Welche Probleme bestehen für Werkstattbeschäftigte?
Die Corona-Krise hat auch Menschen mit Behinderungen stark getroffen. Unter anderem schlossen die Werkstätten für Menschen mit Behinderungen (WfbM) ihre Türen. Die dort Beschäftigten konnten nicht mehr zur Arbeit und mussten zu Hause oder in der Wohngruppe bleiben.
Das bedeutete für viele Betroffene auch finanzielle Einbußen. Denn anders als regulär beschäftigte Arbeitnehmer*innen in den Betrieben erhalten Werkstattbeschäftigte kein Kurzarbeitergeld. Das Arbeitsentgelt in der Werkstatt hängt von den Einnahmen ab, die die Werkstatt erwirtschaftet. Ohne Einnahmen für die Werkstatt im Lockdown brach auch die – ohnehin nur geringe – Bezahlung für die Menschen mit Behinderungen weg.
Was wurde beschlossen?
Bund und Länder haben nun Änderungen in der Schwerbehinderten-Ausgleichsabgabeverordnung beschlossen. Diese sollen die Entgelteinbußen von Werkstattbeschäftigten zumindest teilweise auffangen.

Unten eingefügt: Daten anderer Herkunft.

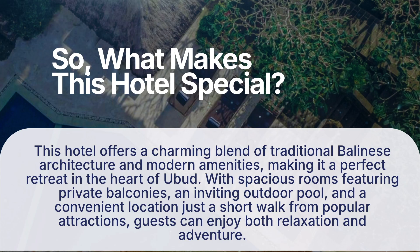So, what makes this hotel special? This hotel offers a charming blend of traditional Balinese architecture and modern amenities, making it a perfect retreat in the heart of Ubud. With spacious rooms featuring private balconies, an inviting outdoor pool, and a convenient location just a short walk from popular attractions, guests can enjoy both relaxation and adventure.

Mit der geänderten Verordnung verbleibt den Integrationsämtern der Länder mehr Geld für ihre Aufgaben. Die neue Verordnung bestimmt, dass sie die Mittel der Ausgleichsabgabe nun auch zielgerichtet für den Ausgleich der coronabedingt weggebrochenen Arbeitsentgelte für Werkstattbeschäftigte verwenden können.
Dafür verzichtet der Bund im Jahr 2020 einmalig auf zehn Prozent aus der Ausgleichsabgabe und überlässt dieses Geld den Integrationsämtern in den Ländern. Ihnen stehen so etwa 70 Millionen Euro zusätzlich zur Verfügung.
Die Ämter sollen in eigenem Ermessen und eigener Verantwortung über die Höhe der Leistung entscheiden, die die einzelne Werkstatt bekommt, und auch über Art und Umfang der erforderlichen Nachweise. Die Werkstätten erhalten die Gelder zweckgebunden. Das soll sicherstellen, dass die Leistungen tatsächlich an die Menschen mit Behinderungen gehen und deren Entgelteinbußen ausgleichen.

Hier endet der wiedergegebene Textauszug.